In algebra, substitution is a fundamental concept used when solving equations or expressions. It involves replacing the variables in an expression with their given numerical values. For example, in the exercise \frac{x-y}{6}, we substitute the given values: \[ x = 23 \ y = 5 \], into the expression, yielding: \[ \frac{23 - 5}{6} \]. This helps to simplify the problem and makes calculation easier. Substitution ensures that you're working with concrete numbers rather than abstract variables, which is especially helpful in verifying your solutions.

Simplifying an expression means to perform all possible arithmetic operations to reduce it to its simplest form. After substituting the values in our exercise, \[ \frac{23 - 5}{6} \], the next step is to simplify the numerator, which is the part of the fraction above the line. By performing the subtraction: \[ 23 - 5 = 18 \]. Now, the fraction is \[ \frac{18}{6} \], which is simpler and easier to work with than the original. Simplifying expressions is a critical algebraic skill, as it also helps in making more complex expressions easier to manage and understand.

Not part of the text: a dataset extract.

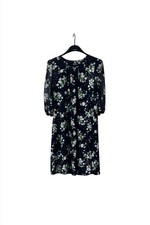 Tommy Hilfiger Women's Mock-Neck Floral Chiffon Dress Black/pink/green Size 4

Division and subtraction are key arithmetic operations that you often encounter in algebra. In our exercise, after simplifying the numerator to 18, we then divide this result by the denominator, 6. The division process is straightforward: \[ \frac{18}{6} = 3 \]. Subtraction was used earlier to simplify the numerator: \[ 23 - 5 = 18 \]. Both operations play a significant role in reaching the final solution. Mastering these basic arithmetic skills ensures that you can tackle more complex algebraic problems with confidence.